Market intelligence agency S&P’s most recent monthly average prices for grey ammonia ranged from $299 to $475 per tonne, depending on where it was produced, while a tonne of green NH3 made from renewable hydrogen was calculated to cost between $750 and $888.
“The lithium-based approach can actually be found in any organic chemistry textbook. It’s very well-known” Singh said. “But making this cycle run efficiently and selectively enough to meet economically feasible targets was our contribution.”
Ethanol is currently mass-produced around the world fairly cheaply from biomass, mainly corn and sugar cane, but it can also be made from non-food matter, such as straw, switchgrass and corn stover (the husks, leaves and stalks left over once corn is harvested).
But the UIC researchers have not stated the expected lifecycle emissions footprint of LMAS compared to other green ammonia production methods.
The UIC paper about this research, published in the scientific journal ACS Applied Materials & Interfaces, has been criticised in some quarters for being overly optimistic about future cost reductions from this technology.
“There have been numerous claims of lithium-mediated electrochemical ammonia synthesis methods in the past two years in the chemistry literature by various research groups, all selling hope of low temperature, modest pressure routes to producing ammonia,” says Paul Martin of the Hydrogen Science Coalition.
“Frequently, these papers make confusing statements about important matters such as current (coulombic) efficiency, which readers sometimes confuse with the more important factor which is energy efficiency.
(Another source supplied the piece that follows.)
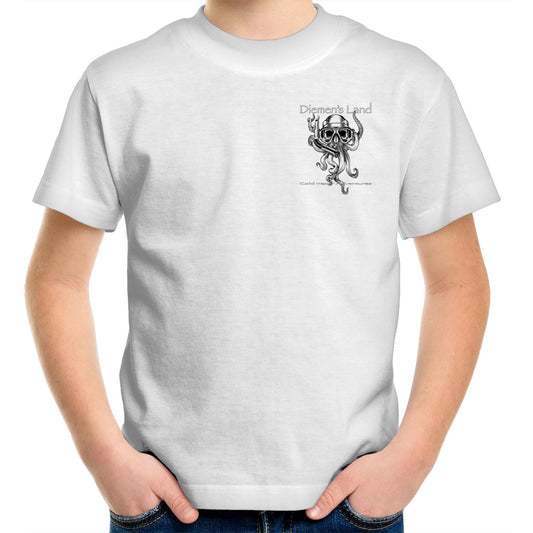 DIEMEN'S LAND - OCEAN UNICORN - Kids Youth T-Shirt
This current paper, for instance, does not demonstrate any test result with an energy efficiency of greater than 10%, with most results a great deal below that — a figure that water electrolysis plus Haber Bosch ammonia synthesis can very easily exceed by a wide margin.
“At scale, a significant fraction of the cost of ammonia is input energy, so efficiency matters a lot. The techno-economic conclusions in the paper about reductions in total cost relative to the Haber Bosch process when fed green hydrogen are, in my opinion, greatly overstated, and are not a reflection of the results demonstrated in the laboratory. The paper shows evidence of inadequate peer review, particularly of the techno-economic claims.”
Ammonia is used today for the production of fertilisers and chemicals, and is being lined up as a major clean shipping fuel in the years to come.
This article was updated on 3 April with the comments from Paul Martin.